Il y a aussi l'idée d'inverser l'ordre de la performance artistique traditionnelle, celle où le public est assis et l'artiste est en face et s'agite. Là je suis immobile, alors les passants peuvent être un peu bouleversés et c'est justement ce que je veux.
Il reste quand même une impasse, disons une contradiction entre le fait de se prétendre activiste et le fait de proposer de la non-action, puisque c'est comme ça que j'appelle mes performances. C'est toujours le problème de traduction d'une pensée activiste, traduire cette pensée de manière artistique. Ces performances c'est en fait ce que je fais de moins activiste dans ma vie. Je crois qu'il n'y a pas d'art activiste, mais il y a une approche par les activistes des problématiques esthétiques.

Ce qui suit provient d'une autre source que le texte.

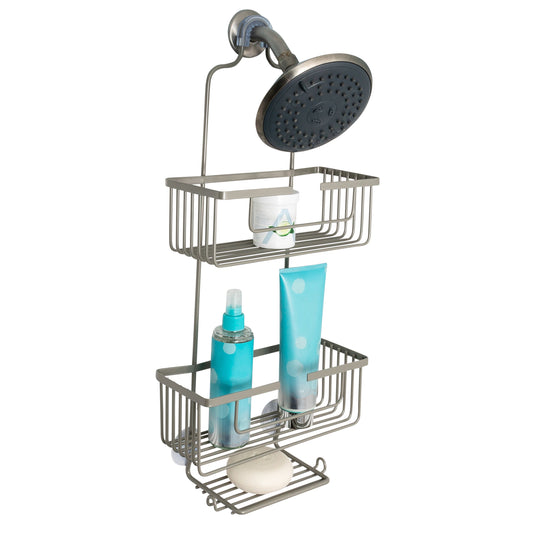 Satin Nickel 3-Tier Hanging Shower Caddy
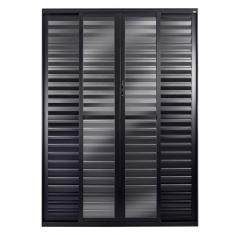 Imagem de Porta Balcão Central Veneziana 6 folhas Topsul Topsul 210x200cm Esquadrisul Preto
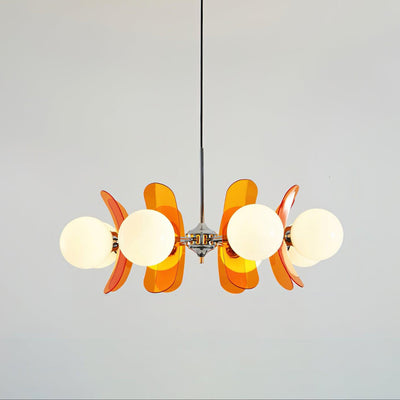 Quay Chandelier Phosphorescent Glass Lampshade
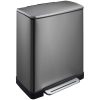 E-Cube Thùng rác phân loại đạp chân 28+18L Đen Steel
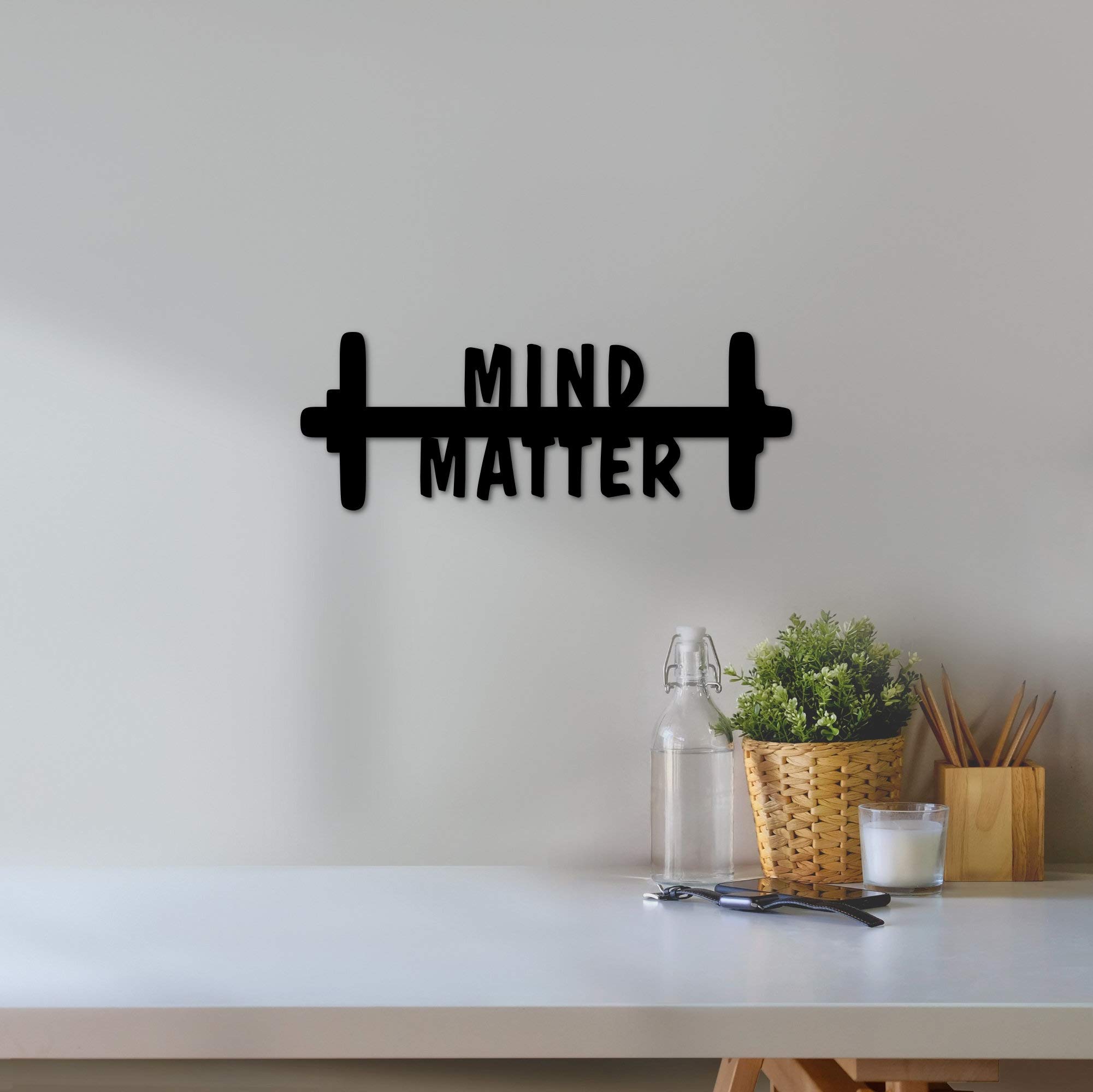 Mind Over Matter Gym Motivational Metal Wall Art - Home & Gym Decor - Workout Inspiration Sign - Trainer Metal Cutout Decal for Fitness Rooms & Home Gyms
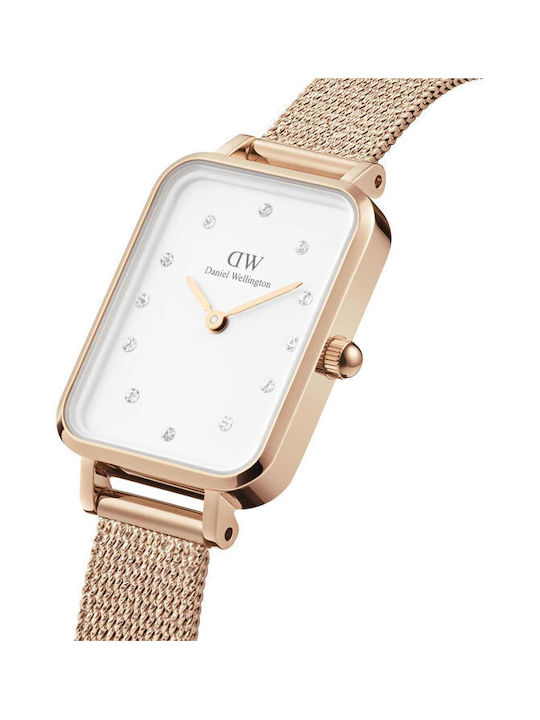 Daniel Wellington Quadro Lumine Uhr mit Rose Gold Metallarmband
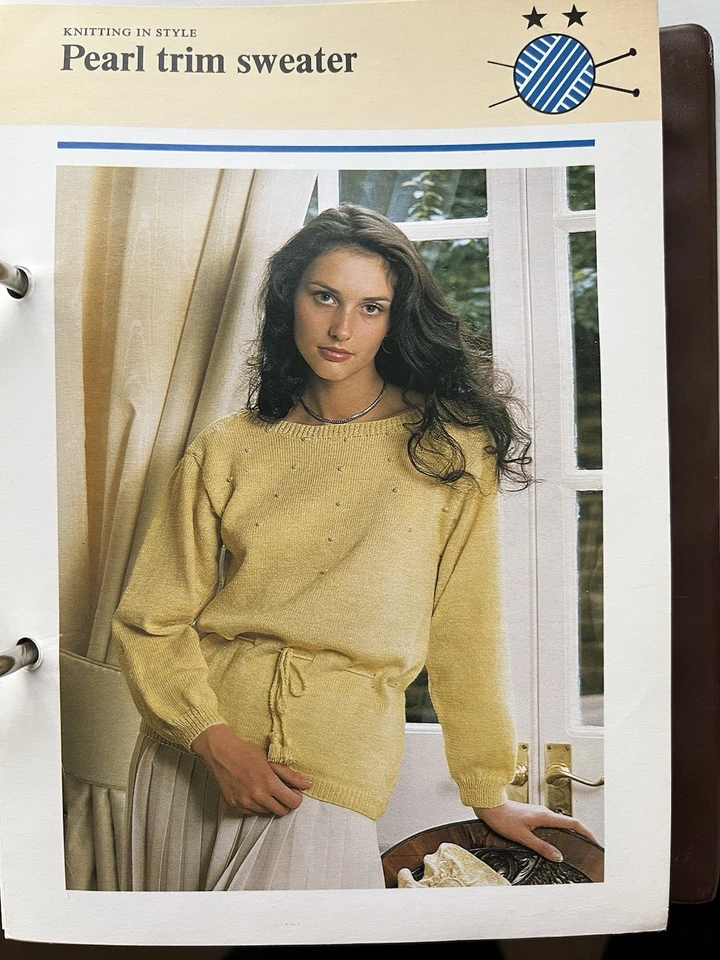 Original Knitting Pattern - Ladies Pearl Trim Sweater Jumper Top - Image 1 of 1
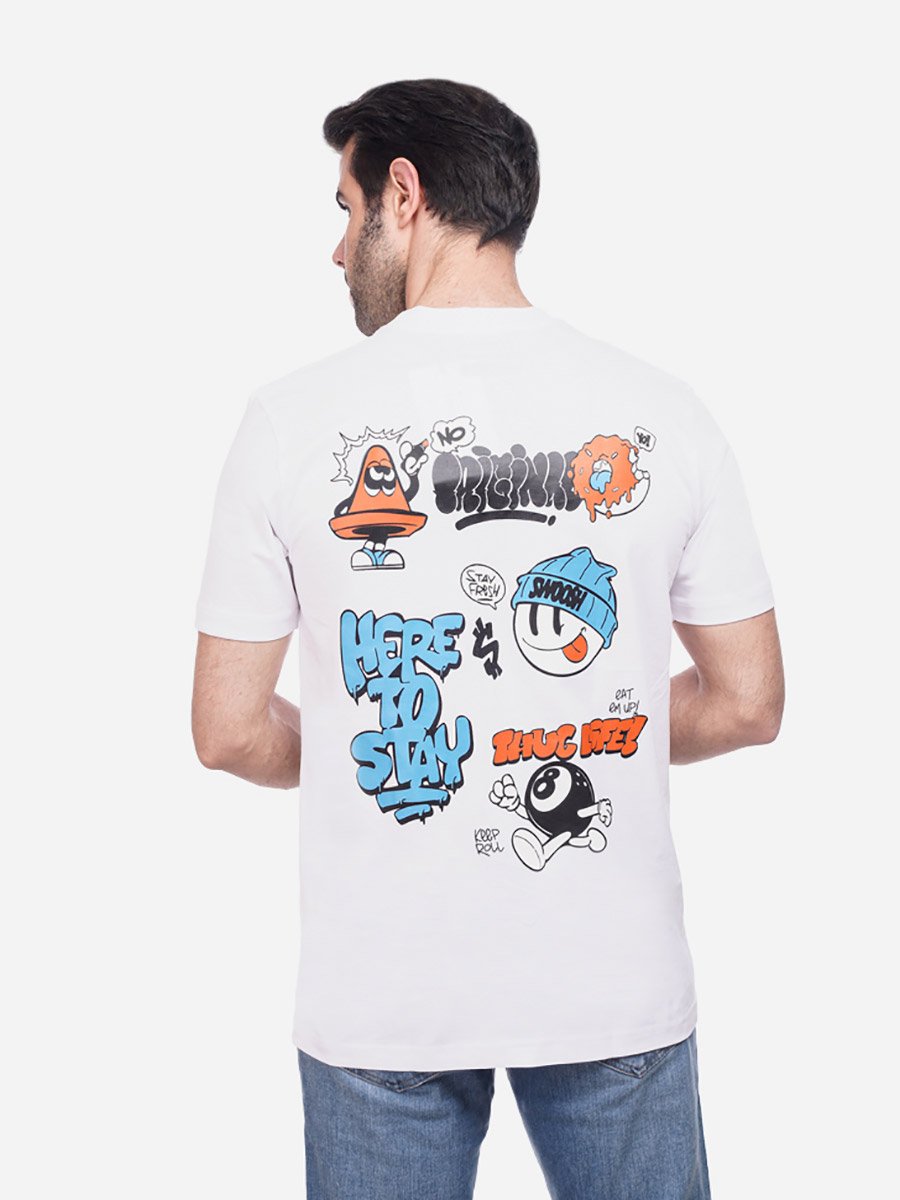 Men White Graphic Crew Neck T-Shirt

A.B.: Et alors l'inverse ne serait pas vrai, une approche par les artistes des problématique activistes ?

P: Je crois pas. Ça voudrait dire que l'art pourrait résoudre les questions politiques et ça marche pas, l'art ne transforme pas. Mais je pense que la transformation du monde ne peut se faire sans une réflexion sur l'esthétique, mais comme sur tout le reste. Je m'intéresse autant au féminisme, à l'anarchisme, aux tentatives zapatistes, aux mouvements sociaux, aux nano-technologies, à la grève... L'art pour moi n'est qu'une forme parmi d'autres.